The European Cultural Foundation (ECF) started a Balkan Reflection Group early in 2005. This group has focused in particular on the part that art and culture play in the political changes in Yugoslavia and Albania, and on the possibilities art and culture offer as factors for reconciliation and development.

On 1 December 2005 the ECF, in cooperation with the HIVOS, has organised a conference in the Peace Palace in The Hague entitled The Heart of the Matter, in which more than one hundred policy makers, artists and journalists will discuss the part culture can play in integrating the Balkan into the European Union. Violeta Simjanovska, a cultural manager from Macedonia, will explain her views on this topic.

About the Balkans

What is the first thing that comes into your mind when the Balkan is mentioned? Is it the cultural values that are achieved in this region? Or do you have another association?
"It is a fact that there is a widespread negative perception of the Balkans, especially in Western cultures. It is also a common fact that ‘Balkanization’ (a word created in early 20th century Europe) marks not only the change of political units and cultures, but it is also a synonym for returning to the primitive and the barbarian. Finally, the Balkan is often described as the other in relation to Europe."

About the Role of Art and Culture in the Balkans

"The Balkan has been faced with tense relations on various levels that sometimes may have escalated into undesired directions, especially in the last fifteen transitional years.

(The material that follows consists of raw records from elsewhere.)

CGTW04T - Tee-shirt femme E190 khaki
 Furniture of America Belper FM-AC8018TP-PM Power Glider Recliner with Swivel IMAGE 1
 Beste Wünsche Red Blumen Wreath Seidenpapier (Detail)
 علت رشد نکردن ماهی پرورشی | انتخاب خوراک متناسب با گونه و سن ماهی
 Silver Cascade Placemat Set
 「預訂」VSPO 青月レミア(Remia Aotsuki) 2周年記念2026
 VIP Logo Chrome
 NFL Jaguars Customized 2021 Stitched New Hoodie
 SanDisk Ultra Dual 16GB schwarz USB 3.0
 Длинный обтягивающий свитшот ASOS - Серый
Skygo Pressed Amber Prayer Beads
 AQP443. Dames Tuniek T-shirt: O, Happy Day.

With the whole political, economic, social and security context of this region in mind, it may sound absurd to talk about art and culture as an important factor for development and stabilization. However, it should be emphasised that artists, workers in the field of culture and intellectuals have contributed favourably to these tense relations either by calming them or by offering wider cultural and intellectual perspectives.

"It should also be underlined that the influence of Art and Culture with all its activities in the Balkan in recent years was a necessary part of the wider process of adjusting the relations between the nations, cultures, histories and territories. In this very significant process, the artists and intellectuals, as well as the representatives of the NGO sector were the first to start a dialogue and enhance the democratic environment."

About the mutual vision

"Overcoming the borders and stereotypes and sharing the common European vision for the pluralism of orientations, and implementing this in everyday life, will mean changing our mental maps. This process has already started, and it is only a question of time when Culture and Art will have become tools of communication for the other in order to be creative and to be the essential component of a democratic movement, of integration, of plurality and freedom. These are, after all, very important bases for our further social, cultural and economic development. "

Violeta Simjanovska is the Executive Director of the PAC (Performing Arts Centre) Multimedia in Skopje, Macedonia. She is involved in many cultural cooperation projects in Macedonia and Europe.